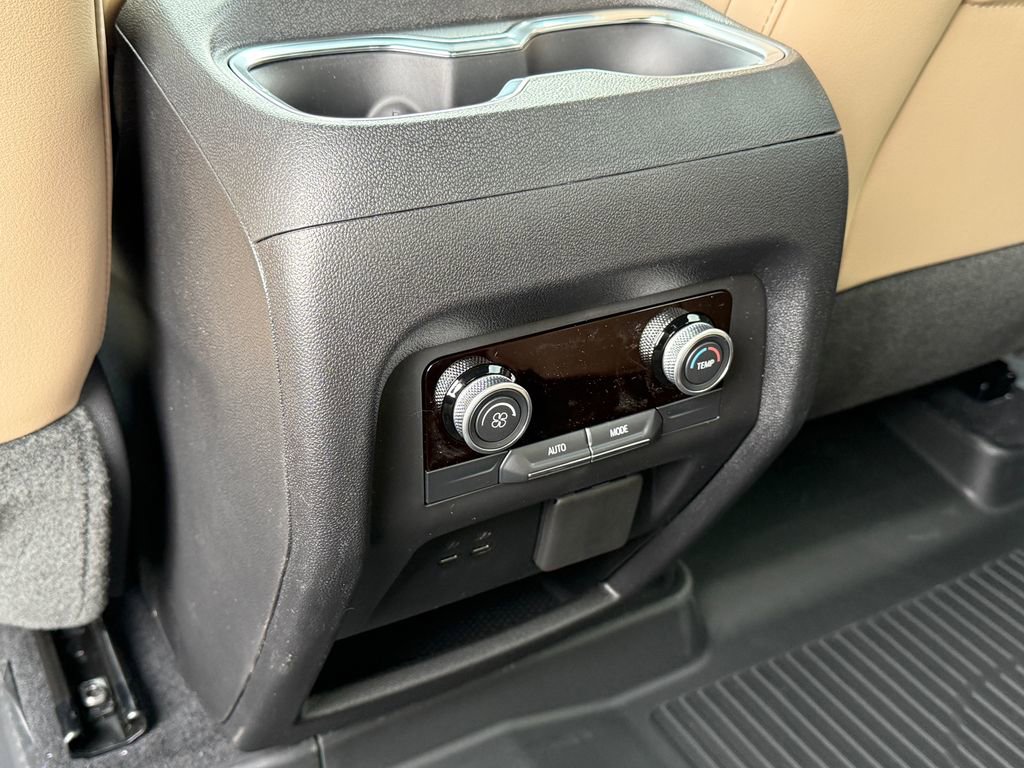 New 2026 Buick Enclave Preferred image 35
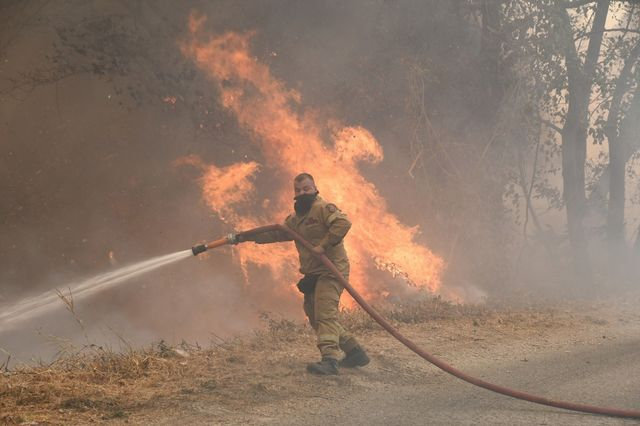 Οι φωτιές στην Ελλάδα έφτασαν στα διεθνή ΜΜΕ – Εικόνες καταστροφής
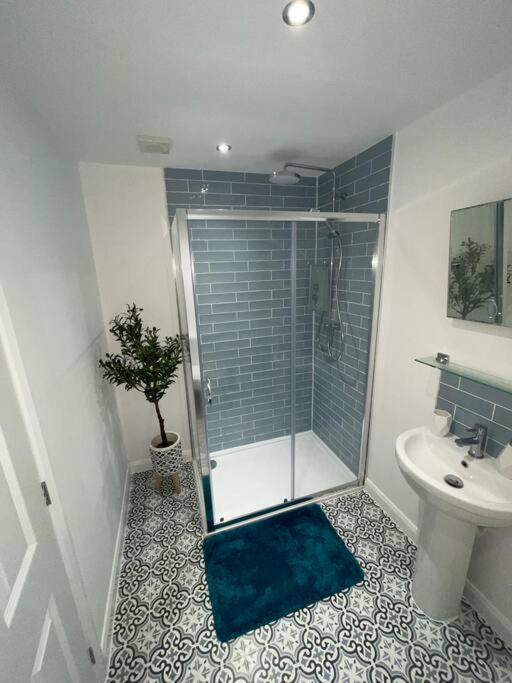 Modern Stylish Studio Flat Near Leigh On Sea. Hadleigh  外观 照片
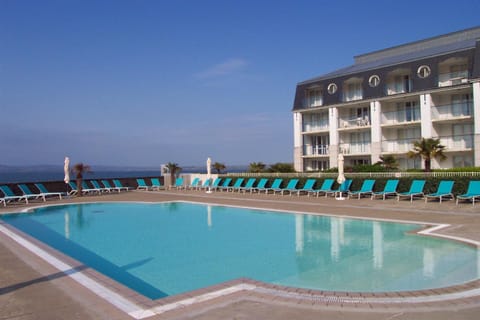 Property building, Swimming pool, Swimming pool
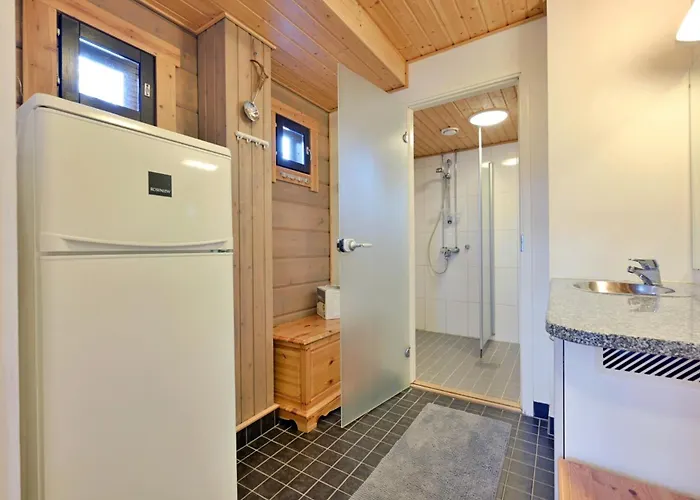 Isomus Inc Outdoor Jacuzzi *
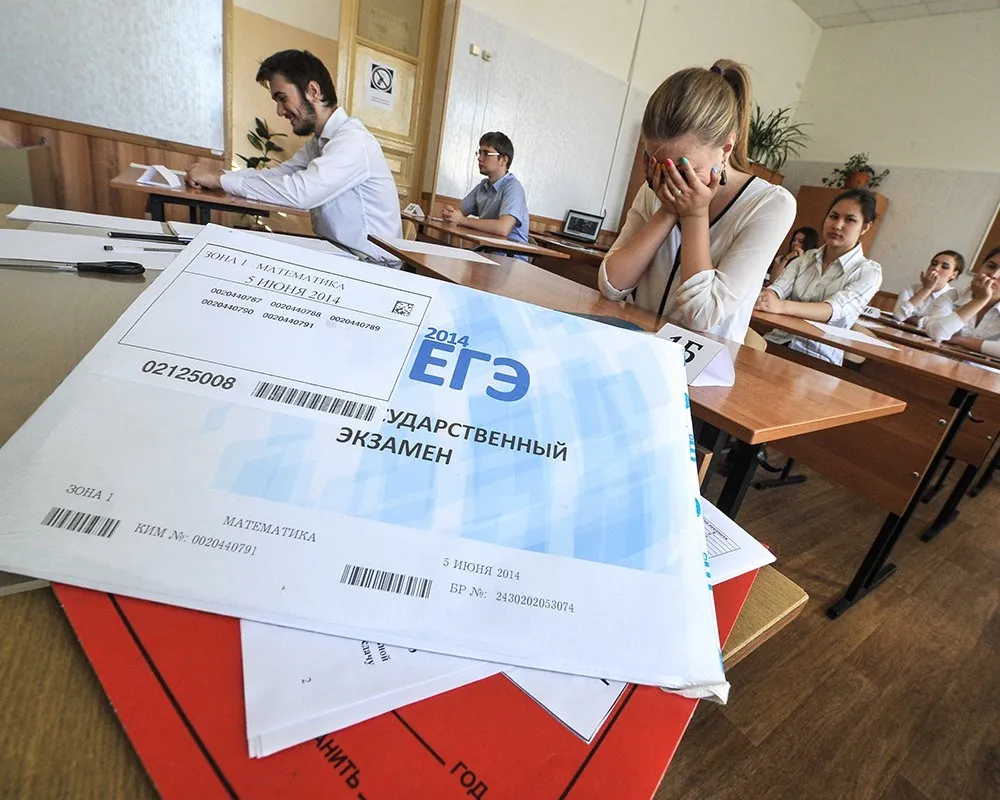 ЕГЭ станет обязательным в школах Севастополя и Крыма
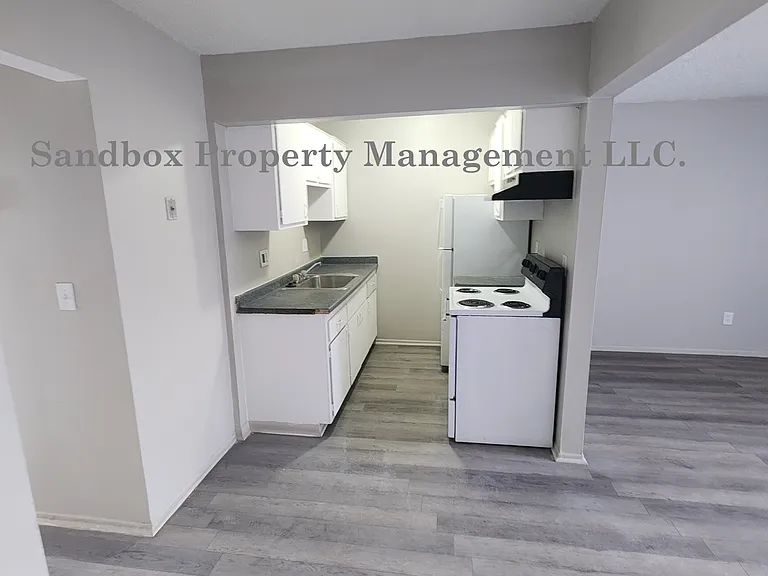 7226 Southfield Fwy — Photo 2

• • •

Exclude the pictures from the copy. Retype exactly the lines running from the one containing "ЕГЭ станет обязательным" through the last line of the listing.

 ЕГЭ станет обязательным в школах Севастополя и Крыма
 7226 Southfield Fwy — Photo 2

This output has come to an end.